Thanks! Let me ask around and get some weigh ins. Appreciate the perspective.


----------



## Lawn Whisperer (Feb 15, 2021)

The report is in lbs/acre. 7 lbs/acre of P = 3.5 ppm. MLSN for P is 21 ppm, optimum is >50 ppm. 
https://thelawnforum.com/viewtopic.php?t=22992
Applying 3#/k of TSP will provide your lawn with about less than 1.5/k of P. 
I would recommend 2#/k of TSP once/month in spring and reconsider applying in early fall.

Another option is applying 18-24-12 or other type of starter fertilizer with high P, at bag rate, but you will be restricted by the N requirements.


----------



## AvgHomeOwner (Jun 23, 2020)

Lawn Whisperer said:


> The report is in lbs/acre. 7 lbs/acre of P = 3.5 ppm. MLSN for P is 21 ppm, optimum is >50 ppm.
> https://thelawnforum.com/viewtopic.php?t=22992
> Applying 3#/k of TSP will provide your lawn with about less than 1.5/k of P.
> I would recommend 2#/k of TSP once/month in spring and reconsider applying in early fall.
> ...


@Lawn Whisperer thanks for pointing me to the thread MSLN!

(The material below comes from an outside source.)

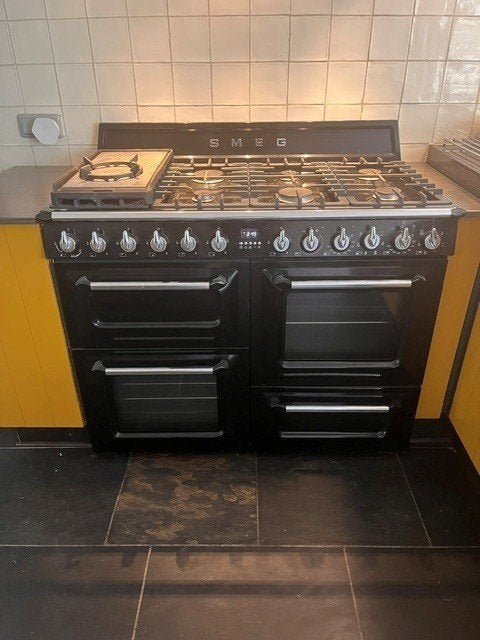 Te Koop Smeg 7-pits gasfornuis met ovens, Ophalen, Gebruikt, Warmhoudplaat, 60 cm of meer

You hit on something I was thinking about. The report says 3lb/k in Spring. I was confused if it was recommended as a 1 time dump or to spread across 3 months? On the other hand does it really matter for P because P stays in soil forever!? So still fighting these questions in my amateur mind.


----------



## Phids (Sep 24, 2020)

AvgHomeOwner said:


> You hit on something I was thinking about. The report says 3lb/k in Spring. I was confused if it was recommended as a 1 time dump or to spread across 3 months? On the other hand does it really matter for P because P stays in soil forever!? So still fighting these questions in my amateur mind.


Phosphorus doesn't stay in the soil forever, but can linger. For example, Texas A&M research indicates that problems will persist for 3-5 years when P levels reach 150-200 ppm.


----------



## Lawn Whisperer (Feb 15, 2021)

AvgHomeOwner said:


> You hit on something I was thinking about. The report says 3lb/k in Spring. I was confused if it was recommended as a 1 time dump or to spread across 3 months? On the other hand does it really matter for P because P stays in soil forever!? So still fighting these questions in my amateur mind.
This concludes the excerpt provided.